Why Employee Owned Source Code Is Not (Yet) A Thing

I started writing about some kind of employee owned business in 2009, as a result of going to watch Michael Moore's movie, Capitalism: A Love Story. In 2015 I started to finally take this idea more seriously, and in the process of that began putting together the idea of employee owned source code and a license for it.

When I started to write about this concept, it was no surprise that Google didn't rank me number one for this idea. As an old SEO practitioner from back when SEO was a thing, I knew this was partly because I'd just started writing about it and partly because my layout needed some simple SEO 101 fixes. What did surprise me however was not that I wasn't first or even on page one, but that the people who ahead of me got there by a sort of semantic fuzziness -- nobody but me had actually been writing about employee owned source code per se.

As the old joke went, I was coming in second place in a beauty pageant in which the only contestant.

Is It Dumb, or Is It Just Hard?

Faced with the evidence of having invented a concept that Google didn't spider directly, I realized that I invented the concept, and once that horror dawned on me, I had to decide something. Was I the first to write about this because it's a dumb idea, or is no one else doing it because it's a good idea that's hard to do?
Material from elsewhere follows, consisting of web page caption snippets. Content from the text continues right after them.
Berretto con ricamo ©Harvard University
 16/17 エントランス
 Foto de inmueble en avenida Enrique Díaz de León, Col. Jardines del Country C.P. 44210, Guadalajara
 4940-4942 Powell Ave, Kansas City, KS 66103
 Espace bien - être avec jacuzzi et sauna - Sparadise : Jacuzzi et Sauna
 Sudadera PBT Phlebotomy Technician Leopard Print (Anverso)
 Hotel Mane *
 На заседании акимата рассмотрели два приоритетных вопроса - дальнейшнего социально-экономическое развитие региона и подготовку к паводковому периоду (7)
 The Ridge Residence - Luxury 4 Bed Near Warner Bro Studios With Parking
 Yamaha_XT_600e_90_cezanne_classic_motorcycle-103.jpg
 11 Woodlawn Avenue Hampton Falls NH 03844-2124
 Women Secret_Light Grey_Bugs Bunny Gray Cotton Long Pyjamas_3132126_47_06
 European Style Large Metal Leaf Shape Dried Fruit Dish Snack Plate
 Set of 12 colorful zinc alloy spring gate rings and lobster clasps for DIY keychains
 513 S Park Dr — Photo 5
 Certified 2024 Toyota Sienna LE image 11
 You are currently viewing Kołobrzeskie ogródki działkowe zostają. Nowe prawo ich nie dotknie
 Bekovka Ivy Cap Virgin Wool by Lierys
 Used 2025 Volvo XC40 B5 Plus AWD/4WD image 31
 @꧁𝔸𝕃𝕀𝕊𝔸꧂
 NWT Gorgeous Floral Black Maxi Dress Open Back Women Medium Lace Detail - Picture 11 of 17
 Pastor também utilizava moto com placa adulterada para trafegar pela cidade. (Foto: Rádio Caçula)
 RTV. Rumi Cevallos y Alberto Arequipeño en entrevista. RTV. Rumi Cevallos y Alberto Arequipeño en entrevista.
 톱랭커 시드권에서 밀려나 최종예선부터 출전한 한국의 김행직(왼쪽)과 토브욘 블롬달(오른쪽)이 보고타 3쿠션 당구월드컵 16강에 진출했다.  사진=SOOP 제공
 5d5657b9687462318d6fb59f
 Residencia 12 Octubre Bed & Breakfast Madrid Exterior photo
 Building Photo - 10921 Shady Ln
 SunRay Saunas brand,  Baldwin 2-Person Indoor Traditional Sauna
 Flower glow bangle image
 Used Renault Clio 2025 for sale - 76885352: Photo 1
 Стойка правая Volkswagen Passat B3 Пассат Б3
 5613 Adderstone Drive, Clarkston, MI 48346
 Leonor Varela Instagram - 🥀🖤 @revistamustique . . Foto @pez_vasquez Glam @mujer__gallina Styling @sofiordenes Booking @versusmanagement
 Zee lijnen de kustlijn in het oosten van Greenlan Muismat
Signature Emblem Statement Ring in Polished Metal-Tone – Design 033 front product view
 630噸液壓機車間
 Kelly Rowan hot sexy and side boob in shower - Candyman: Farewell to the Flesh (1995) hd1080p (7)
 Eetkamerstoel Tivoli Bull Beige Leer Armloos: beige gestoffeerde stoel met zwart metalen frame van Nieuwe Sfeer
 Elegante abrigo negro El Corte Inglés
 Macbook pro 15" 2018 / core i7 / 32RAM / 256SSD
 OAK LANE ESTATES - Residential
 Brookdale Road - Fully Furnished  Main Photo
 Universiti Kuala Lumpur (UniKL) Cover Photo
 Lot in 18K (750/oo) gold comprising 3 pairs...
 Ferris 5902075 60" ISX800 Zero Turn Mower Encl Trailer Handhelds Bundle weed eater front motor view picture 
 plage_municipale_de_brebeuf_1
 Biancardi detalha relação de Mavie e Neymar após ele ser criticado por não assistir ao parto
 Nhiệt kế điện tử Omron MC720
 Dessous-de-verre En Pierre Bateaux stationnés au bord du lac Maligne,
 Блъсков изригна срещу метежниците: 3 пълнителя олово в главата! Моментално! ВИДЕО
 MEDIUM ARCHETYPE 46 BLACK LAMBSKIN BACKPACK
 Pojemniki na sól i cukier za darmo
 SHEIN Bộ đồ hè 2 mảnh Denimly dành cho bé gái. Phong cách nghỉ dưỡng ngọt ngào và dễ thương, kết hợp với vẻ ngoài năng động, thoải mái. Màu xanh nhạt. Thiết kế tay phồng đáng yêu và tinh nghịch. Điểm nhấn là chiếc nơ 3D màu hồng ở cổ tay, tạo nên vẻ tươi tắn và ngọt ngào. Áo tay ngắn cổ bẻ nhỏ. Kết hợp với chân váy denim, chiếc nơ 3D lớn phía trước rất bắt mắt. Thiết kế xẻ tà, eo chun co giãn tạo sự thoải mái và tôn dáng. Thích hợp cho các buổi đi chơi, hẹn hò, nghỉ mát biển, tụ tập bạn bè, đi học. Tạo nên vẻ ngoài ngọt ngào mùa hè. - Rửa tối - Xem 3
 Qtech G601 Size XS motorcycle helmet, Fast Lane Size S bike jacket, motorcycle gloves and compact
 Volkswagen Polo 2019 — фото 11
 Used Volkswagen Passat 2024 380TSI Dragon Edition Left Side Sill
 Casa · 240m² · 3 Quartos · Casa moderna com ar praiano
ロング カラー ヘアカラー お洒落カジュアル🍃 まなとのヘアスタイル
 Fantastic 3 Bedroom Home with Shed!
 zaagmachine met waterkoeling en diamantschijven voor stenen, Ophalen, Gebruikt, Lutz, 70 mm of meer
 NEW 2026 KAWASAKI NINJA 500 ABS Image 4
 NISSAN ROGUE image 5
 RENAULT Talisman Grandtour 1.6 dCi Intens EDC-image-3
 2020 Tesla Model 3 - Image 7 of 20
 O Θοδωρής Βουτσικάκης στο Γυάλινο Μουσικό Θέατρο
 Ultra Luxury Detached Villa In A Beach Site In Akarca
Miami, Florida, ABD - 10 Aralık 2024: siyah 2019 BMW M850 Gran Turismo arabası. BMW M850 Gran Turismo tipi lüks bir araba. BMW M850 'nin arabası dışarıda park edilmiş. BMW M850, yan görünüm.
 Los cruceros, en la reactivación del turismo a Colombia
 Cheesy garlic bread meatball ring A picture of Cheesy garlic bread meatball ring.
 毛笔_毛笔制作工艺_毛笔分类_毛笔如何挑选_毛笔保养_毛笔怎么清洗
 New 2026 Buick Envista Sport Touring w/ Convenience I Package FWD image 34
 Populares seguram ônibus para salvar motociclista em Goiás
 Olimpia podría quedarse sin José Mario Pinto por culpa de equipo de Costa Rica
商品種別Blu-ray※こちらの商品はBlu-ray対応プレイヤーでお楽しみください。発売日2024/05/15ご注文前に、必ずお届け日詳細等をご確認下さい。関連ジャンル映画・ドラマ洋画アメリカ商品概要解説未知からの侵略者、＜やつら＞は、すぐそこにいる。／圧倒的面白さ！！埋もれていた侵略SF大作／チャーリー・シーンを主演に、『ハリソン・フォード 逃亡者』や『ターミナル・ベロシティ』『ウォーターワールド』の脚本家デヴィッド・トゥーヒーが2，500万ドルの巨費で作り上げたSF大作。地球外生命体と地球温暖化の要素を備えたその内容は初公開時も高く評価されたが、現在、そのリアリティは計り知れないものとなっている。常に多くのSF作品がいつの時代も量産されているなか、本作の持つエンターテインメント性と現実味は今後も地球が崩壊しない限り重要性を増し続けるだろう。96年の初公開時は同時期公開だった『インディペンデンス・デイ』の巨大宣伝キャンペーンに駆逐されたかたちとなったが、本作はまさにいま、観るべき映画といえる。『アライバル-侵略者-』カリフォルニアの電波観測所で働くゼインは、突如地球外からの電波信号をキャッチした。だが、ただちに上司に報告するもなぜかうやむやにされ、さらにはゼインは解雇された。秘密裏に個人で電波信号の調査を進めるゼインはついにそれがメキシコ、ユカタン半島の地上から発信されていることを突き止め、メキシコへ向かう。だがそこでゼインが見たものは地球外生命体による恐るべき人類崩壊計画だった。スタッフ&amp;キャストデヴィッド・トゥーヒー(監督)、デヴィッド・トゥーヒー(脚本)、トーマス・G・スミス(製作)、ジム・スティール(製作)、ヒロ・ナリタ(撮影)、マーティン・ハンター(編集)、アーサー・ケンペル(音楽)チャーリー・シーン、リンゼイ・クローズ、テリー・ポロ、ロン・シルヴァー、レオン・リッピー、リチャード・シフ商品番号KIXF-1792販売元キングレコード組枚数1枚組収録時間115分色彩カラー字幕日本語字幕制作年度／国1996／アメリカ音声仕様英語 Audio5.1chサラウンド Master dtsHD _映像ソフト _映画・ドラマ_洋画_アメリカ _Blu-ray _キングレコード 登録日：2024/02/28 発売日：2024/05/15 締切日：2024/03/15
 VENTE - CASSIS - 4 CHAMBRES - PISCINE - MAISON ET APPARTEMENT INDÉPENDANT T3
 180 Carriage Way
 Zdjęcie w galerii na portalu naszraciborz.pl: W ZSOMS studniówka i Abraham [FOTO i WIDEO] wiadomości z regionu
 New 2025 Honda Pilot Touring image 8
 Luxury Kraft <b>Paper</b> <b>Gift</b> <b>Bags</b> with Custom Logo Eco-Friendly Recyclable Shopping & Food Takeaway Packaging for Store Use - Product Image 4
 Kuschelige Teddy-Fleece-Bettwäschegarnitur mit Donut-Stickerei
For reasons that any psychologist would no doubt find obvious, I didn't immediately gravitate toward the hypothesis that my idea was just dumb. No less an idea arbiter than Google was telling me it was my idea, after all. I wouldn't give that up easily. Having achieved the lofty status of an inventor, I didn't want to admit that what I had was not something cool like a lightbulb, but instead was something stupid like a rocking-chair powered can-opener.

In fairness to my reader I should probably point out that I think a rocking-chair powered can opener would be awesome, so feel free to bail on me early. But with all due respect to my own psychological defense mechanisms, I believe there are real reasons that can be offered under the heading we are about to encounter now.

Why Employee Owned Source Code Is Hard

Here are some reasons which Mr. Markdown will be good enough to number for me.

  1. You have to believe in yourself. Investing several hundred or several thousand hours in a project with no immediate money on the table is not for the faint of heart. The self doubt has killed this thing a few times for me. Hence the six year period between 2009 and 2015. But in the end I'm left with something a top producer in another business told me -- "If you don't believe in yourself, who else is going to do it?"

  2. You have to believe in others. In addition to believing in yourself, my business model of "work an hour, get an hour of equity" means I also have to believe that others will contribute productive work to my project, and that together we'll achive something marketable.

  3. Someone else has to believe in you. Having the best wife in the world is certainly very much an advantage to me, inasmuch as in that capacity she does me the courtesy of believing in me even when I don't. The partership in this case also has a very practical angle. Jenniffer is just embarking on her career as a software developer, so working for CodeSolid for shares of equity when she's ready to contribute to the project will give her real world experience she can parlay into a day job if Goalboost hasn't started turning a profit by then. I also recently had the good fortune to have another programmer, George Marks, join the team. Apparently if one believes in oneself long enough and has the best wife in the world, eventually others begin to consider your ideas worthy as well.

  4. You have to believe in the RIGHT people. As part of my education in my own unique offering, I've explored a lot of different communities of technical cooperatives and startup weekenders. Most of this has left me even more confident in my vision of producing a 100% employee owned business, not some hybrid where there are "owner founders" together with "you other unfortunate dummies". The goal here is not to put a green label on what is essentially capitalist greed. Nor is the goal to create something that we're going to pitch to investors. We don't need to be disruptive and rich -- a decent product at a fair price will feed us just fine if we don't have capitalists pigs making a mess at the trough. The idea of pitching investors is only sound if the predicate contains the phrase "out the window."

  5. You have to not believe in yourself too much. All the blog posts in the world won't check in any code for you. And with that, it's probably time I checked in some code, isn't it?